- **About this task**
From the listing below, output the lines between the one with "Villa Sea Breeze" and the one with "Dream Inn Pokhara Exterior photo", including those two, and nothing else. Pictures are not copied.

- **Extracted records**
----
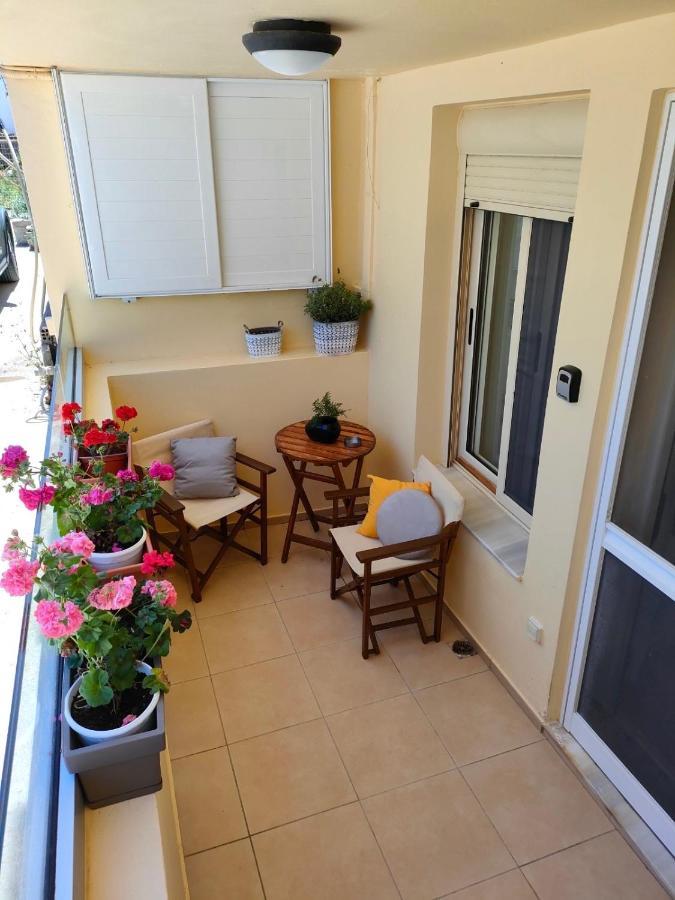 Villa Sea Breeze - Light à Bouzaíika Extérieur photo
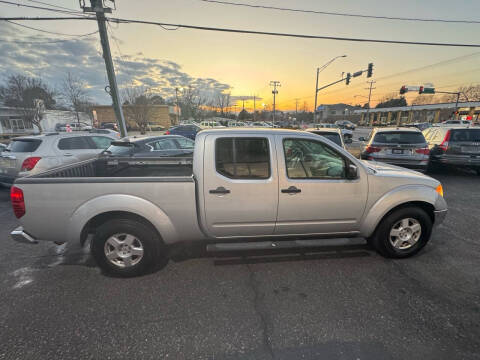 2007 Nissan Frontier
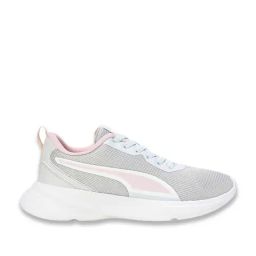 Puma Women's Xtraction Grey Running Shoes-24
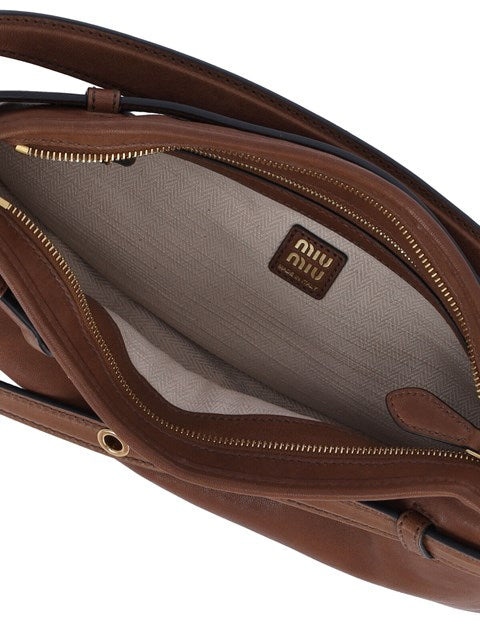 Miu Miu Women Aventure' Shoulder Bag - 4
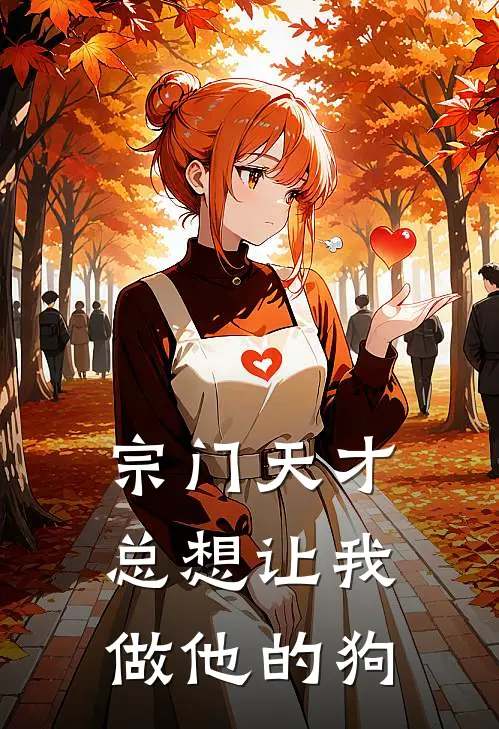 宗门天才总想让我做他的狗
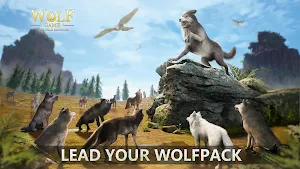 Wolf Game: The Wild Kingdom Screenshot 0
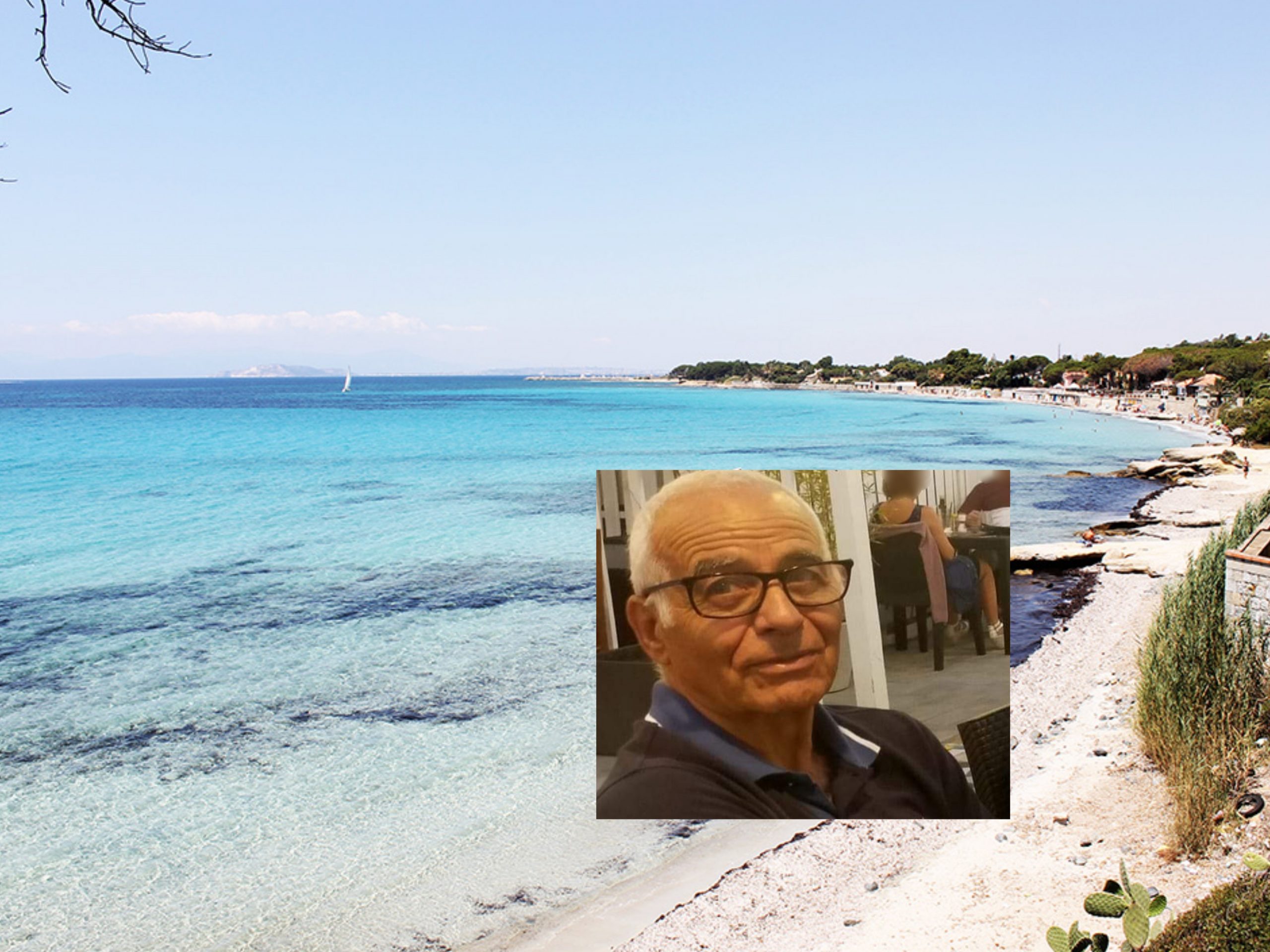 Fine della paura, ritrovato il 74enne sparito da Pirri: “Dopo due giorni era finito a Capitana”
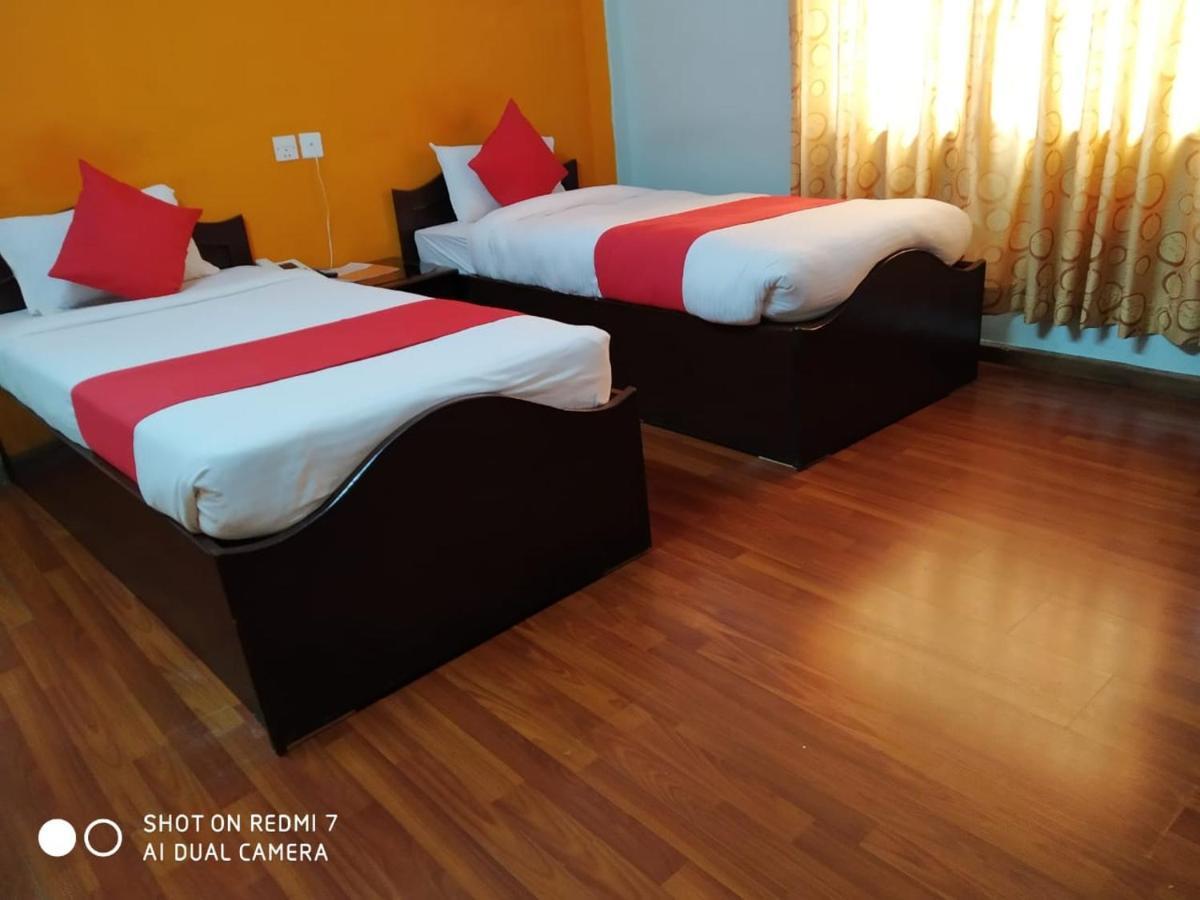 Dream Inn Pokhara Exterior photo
----
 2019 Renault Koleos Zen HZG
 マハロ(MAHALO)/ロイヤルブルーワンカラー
----
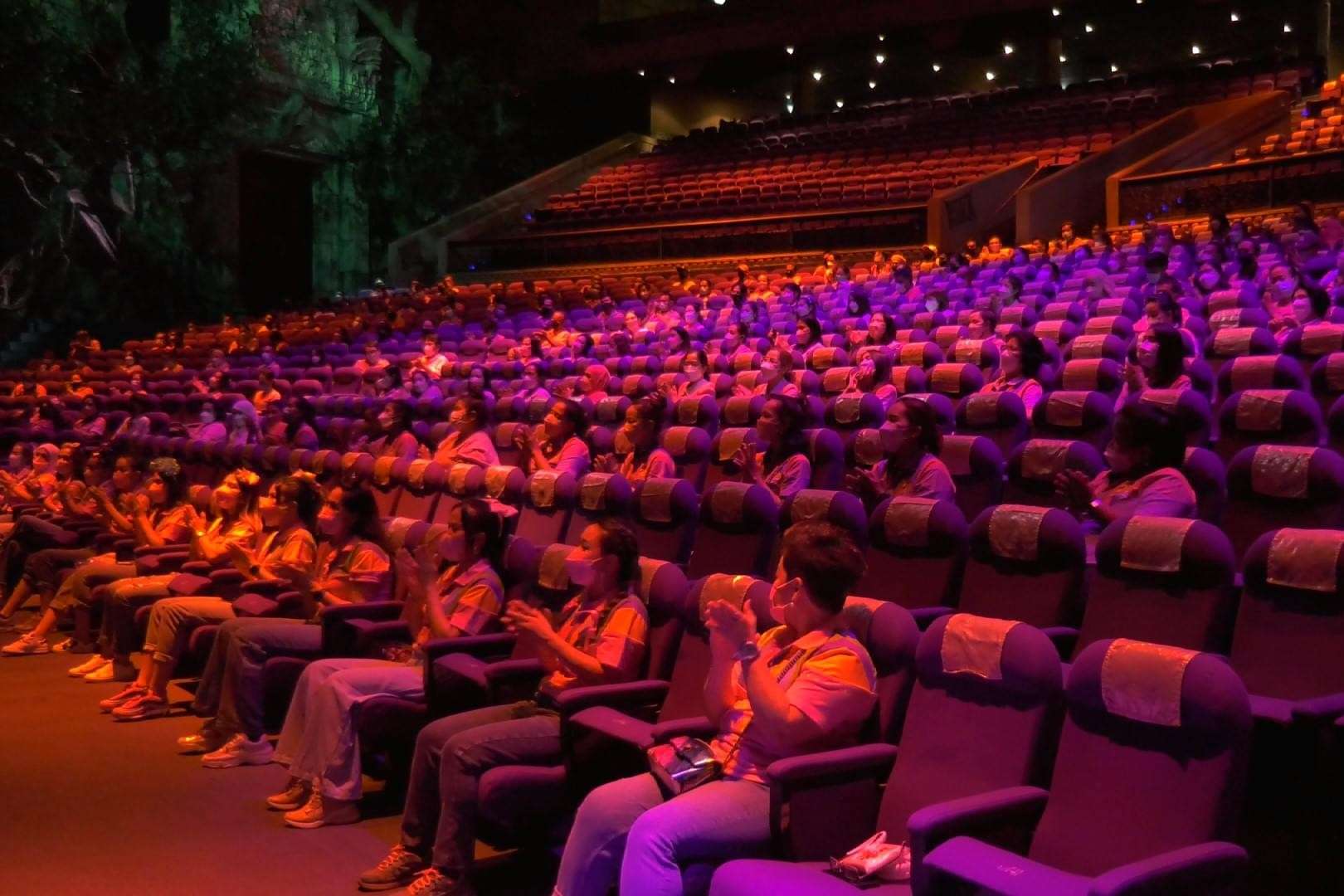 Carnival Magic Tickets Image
----
- **Written response**
 Villa Sea Breeze - Light à Bouzaíika Extérieur photo
 2007 Nissan Frontier
 Puma Women's Xtraction Grey Running Shoes-24
 Miu Miu Women Aventure' Shoulder Bag - 4
 宗门天才总想让我做他的狗
 Wolf Game: The Wild Kingdom Screenshot 0
 Fine della paura, ritrovato il 74enne sparito da Pirri: “Dopo due giorni era finito a Capitana”
 Dream Inn Pokhara Exterior photo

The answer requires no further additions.